In contrast to holistic approaches, local descriptor-based methods focus on knowledge discovery through local patterns in the image. Thus, they are more resistant to difficulties such as changes in facial expression and illumination [7]. Numerous research activities (Local Tetra Patterns (LTetP) [41], Monogenic Binary Coding (MBC) [56], Local Monotonic Pattern (LMP) [39], Local Ternary Pattern (LTP) [48], Local Derivative Pattern (LDrvP) [60], Local Directional Pattern (LDP) [25], Local Transitional Pattern (LTrP) [24], Local Phase Quantization (LPQ) [55], Weber Local Descriptor (WLD) [32], Local Gradient Pattern (LGP) [22], Median Binary Pattern (MBP) [16], Local Arc Pattern (LAP) [23]) have been carried out, among which Texton Learnnig [29, 51], Local Binary Pattern (LBP) [1], Gabor wavelets [38, 57] and Radon transformations [26] are the most prominent.

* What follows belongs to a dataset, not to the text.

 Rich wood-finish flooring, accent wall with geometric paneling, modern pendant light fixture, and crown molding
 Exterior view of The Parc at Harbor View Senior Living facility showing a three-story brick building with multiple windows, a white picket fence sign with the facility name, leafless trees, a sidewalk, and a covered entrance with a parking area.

1.1 Contributions of this study

Graphs are of famous structures with an old past. Besides mathematics, they have been implemented in the vast majority of the science and engineering areas. In addition, there are many ways of applying graphic theory in image processing and computer vision [31]. As noted above, the leading figure in face recognition is face representation. To qualify a face representative as high quality, it must be capable of providing high discrimination even in challenging and accessible environments.

The contribution of this study can be expressed as follows:

• This study proposes a novel graph-based face descriptor, which preserves its discrimination capability even under high noise, varying facial expressions, and illumination exposure situations.

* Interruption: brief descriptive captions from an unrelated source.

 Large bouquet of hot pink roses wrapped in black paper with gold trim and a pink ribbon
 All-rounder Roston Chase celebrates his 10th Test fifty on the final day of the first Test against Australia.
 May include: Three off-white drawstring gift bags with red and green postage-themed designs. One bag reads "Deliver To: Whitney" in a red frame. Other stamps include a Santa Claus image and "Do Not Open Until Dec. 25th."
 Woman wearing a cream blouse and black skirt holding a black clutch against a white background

• The proposed graph-based descriptor shows very high discriminative performance and competes with the other face descriptors. Moreover, even under high noise exposure, changing facial expression, and illumination, the proposed descriptor maintains its discriminatory performance, while that of others significantly decreases, sometimes even ultimately.

1.2 Article outline

The rest of the article is organized as follows. Section 2 describes the proposed descriptor in detail, while Section 3 presents the experimental results and discussions conducted on five primary face datasets. Finally, Section 4 concludes the article.

2 Proposed method

Graph theory is based on mathematics and is applied in many different fields, providing a rich set of powerful abstract techniques that allow the modeling of various natural and human problems, from biology to sociology, and the mathematical examination of systems of interacting elements [11, 40, 62].

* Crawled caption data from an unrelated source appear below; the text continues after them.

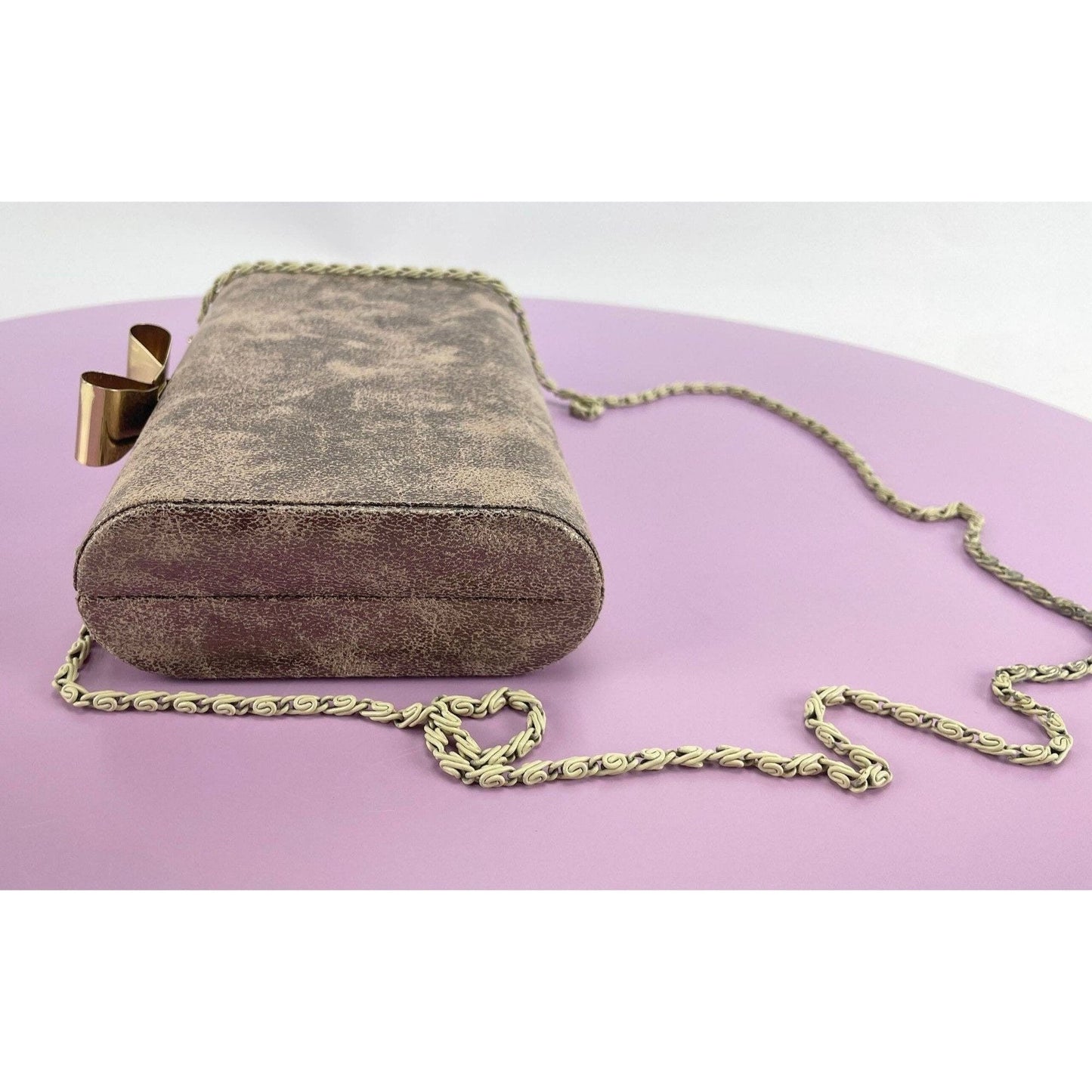 Vintage 80s hard shell clutch, gold tone, bow clasp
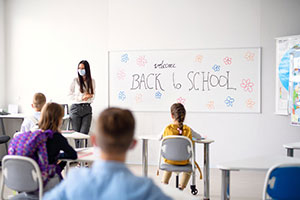 Teacher in classroom with students with masks on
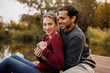 © Dmytro Hai - Happy young couple hugging on pier near lake in autumn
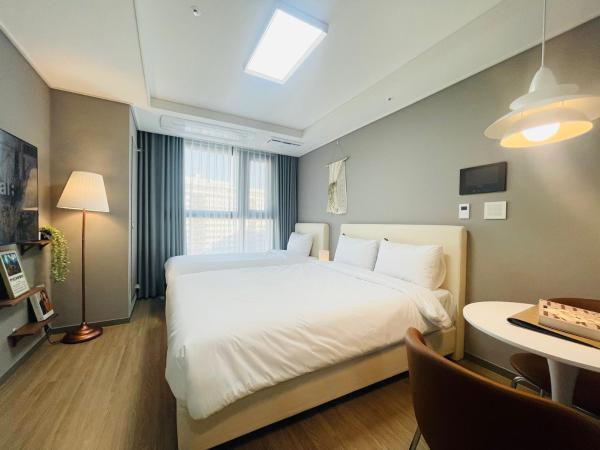 INN-The City MyeongDong : photo 7 de la chambre chambre lits jumeaux - vue sur ville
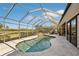 Inviting screened pool and spa with a tranquil waterfall feature at 5112 White Ibis Dr, North Port, FL 34287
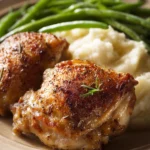 When Weeknight Cravings Hit: Roasted Chicken Thighs with Garlic Mashed Potatoes and Steamed Green Beans 3 Close-up of a chicken thigh dinner with creamy sauce and sides on a white plate.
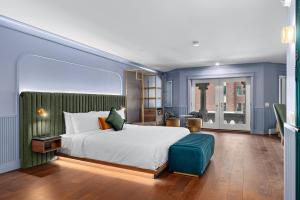 Postel nebo postele na pokoji v ubytování Hôtel Maurice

A graph provides an abstract representation of the elements of a set and the paired relationships between these elements. Elements of the set are represented by vertices, and the relationships between these elements are denoted by edges.

2.1 Notation

A graph is denoted byG = (V, E), where V, Е refer to the set of vertices and edges, respectively. If there is a relationship between two members (vi, vj ∈ V) of a set, this relationship is depicted by an edge(e_i ∈ Е). Vertices connected by edge/edges to each other are said to be adjacent.

Depending to the type of the graph-application-field, edges or vertices can be assigned numerical values, which are called weights. Weights can be assigned to either vertices only (corner-weighted graph), or only edges (edge-weighted graph) or both (double-weighted graph) [46].

The weight of a vertexv_i, is denoted by w(v_i), whereas the weight of an edge, e_ij, between two vertices, v_i, v_j, is stated as w(v_i, v_j) or w_ij. For a graph to be unweighted, weights of all the vertices and edges should be equal to unity, that is, G = (V, E) → unweighted if w(v_i), for ∀vi ∈  V,as well as w_ij = 1 for ∀e_ij ∈ E.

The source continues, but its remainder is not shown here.